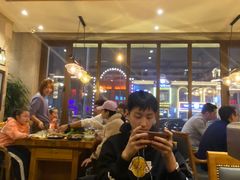 大堂-三千里韩式炭火烤肉(南八马路店)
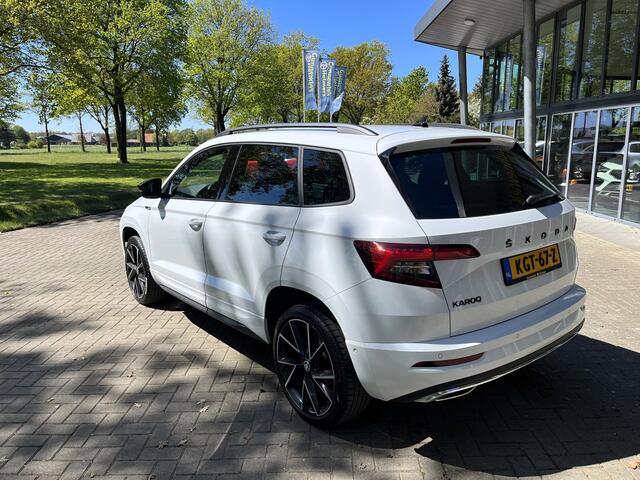 Skoda Karoq 1.5 TSI ACT Sportline Business | ACC | CAM | CARPLAY | CLIMA | KEYLESS | NAVI | PDC V&A | STOELVERW. | TREKHAAK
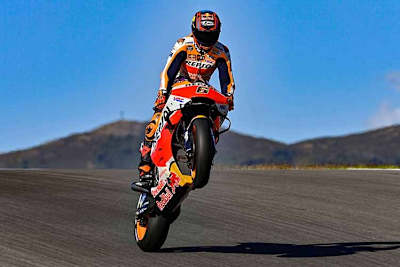 Stefan Bradl beim Algarve-GP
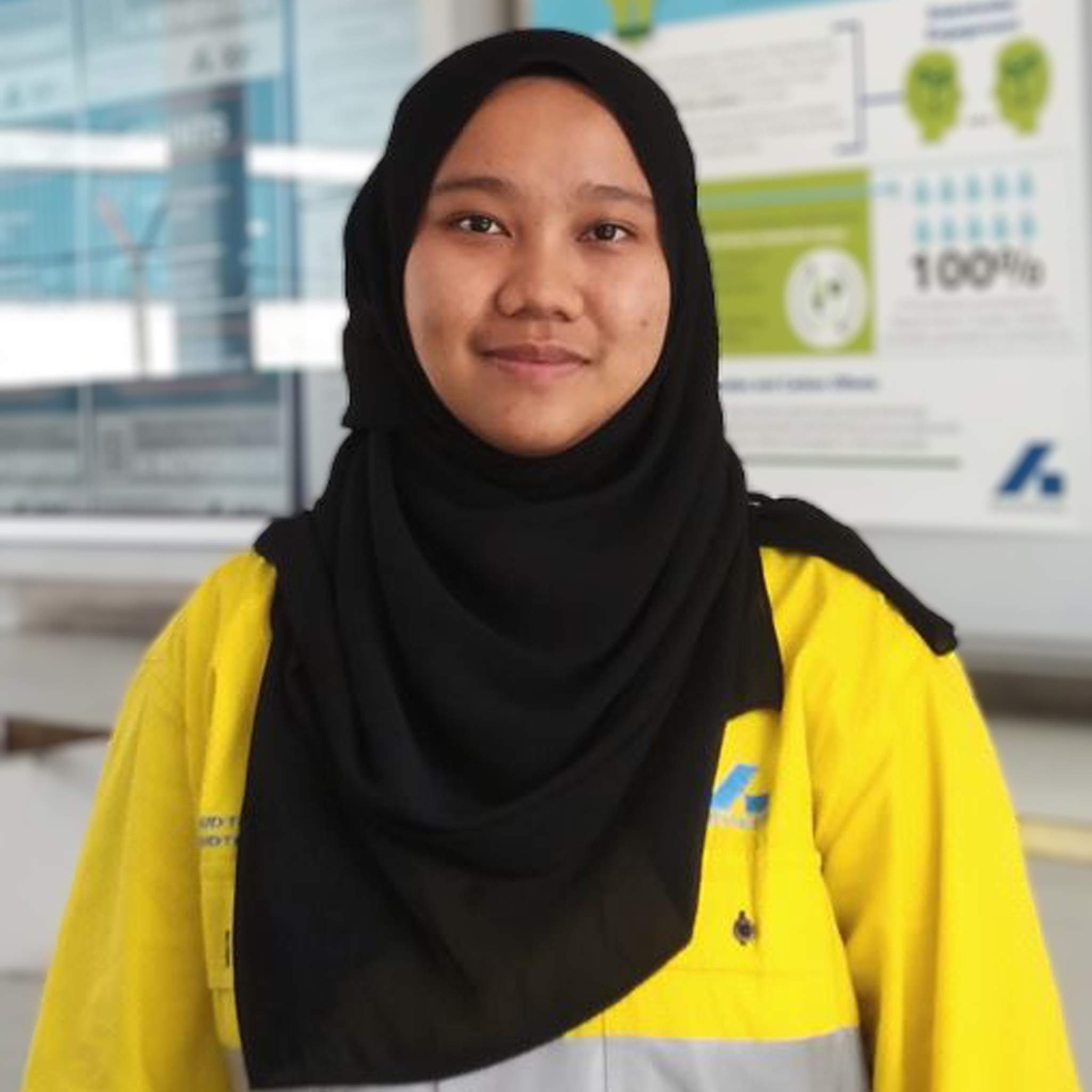 Nadiah Adlin Muhamad Azman from Merlimau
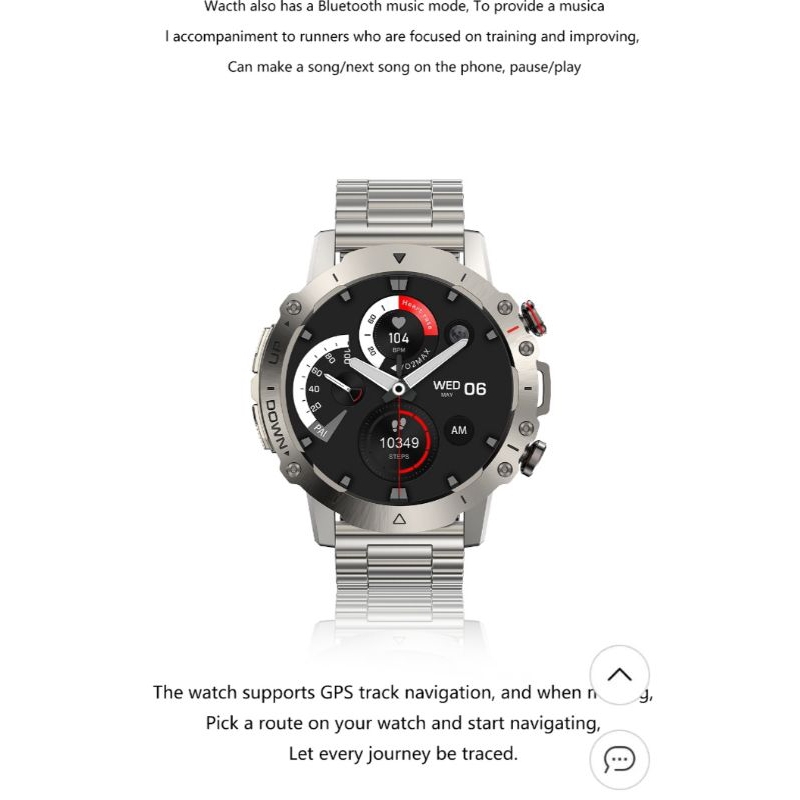 smartwatch / jam tangan pintar lemfo y7 layar sentuh amoled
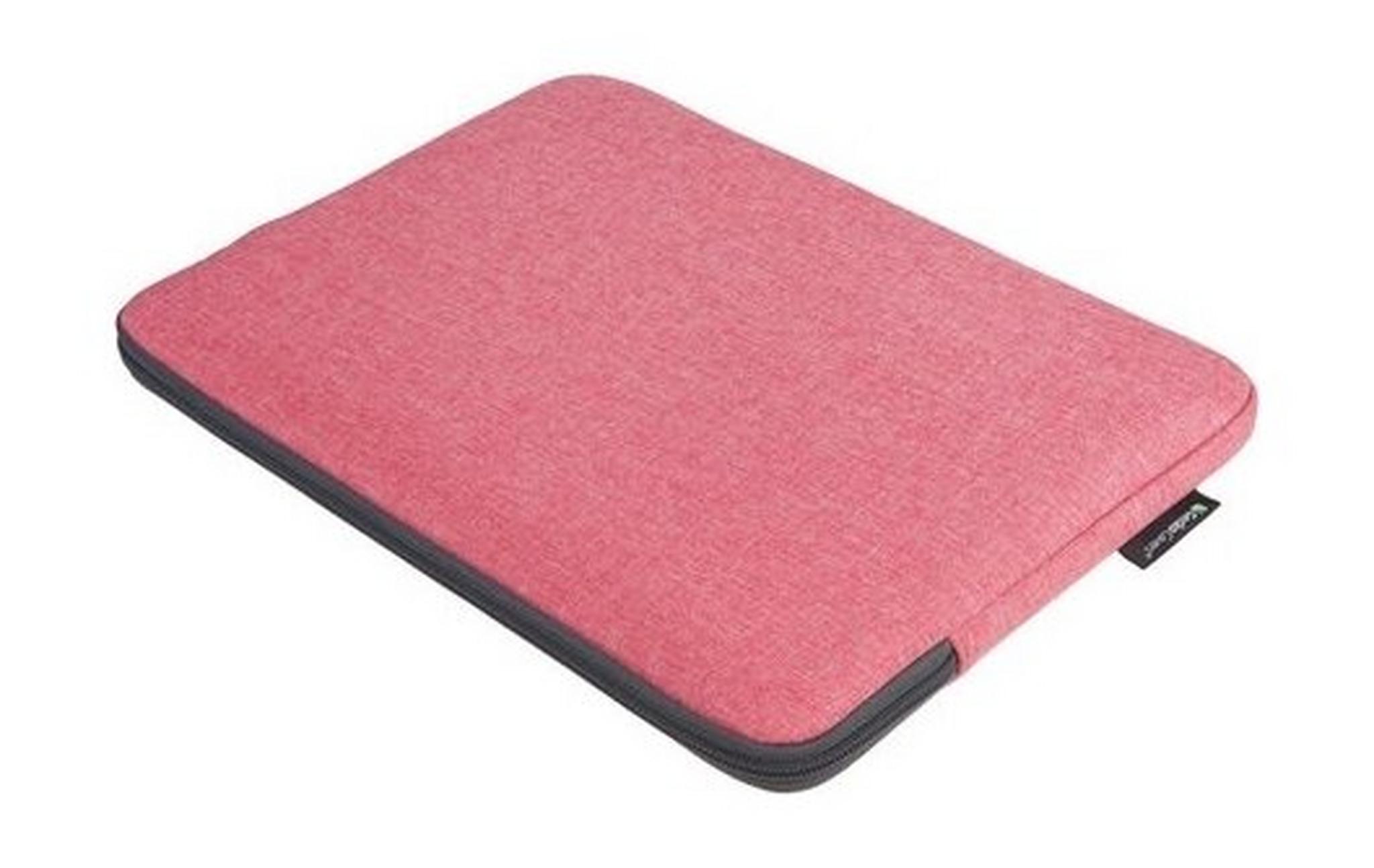 Gecko Universal Zipper Sleeve 13'' Laptop Cover - Pink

TO DO: Print every line above exactly. Leave the pictures out.

ANSWER FOR THIS EXERCISE:
 大堂-三千里韩式炭火烤肉(南八马路店)
 Skoda Karoq 1.5 TSI ACT Sportline Business | ACC | CAM | CARPLAY | CLIMA | KEYLESS | NAVI | PDC V&A | STOELVERW. | TREKHAAK
 Stefan Bradl beim Algarve-GP
 Nadiah Adlin Muhamad Azman from Merlimau
 smartwatch / jam tangan pintar lemfo y7 layar sentuh amoled
 Gecko Universal Zipper Sleeve 13'' Laptop Cover - Pink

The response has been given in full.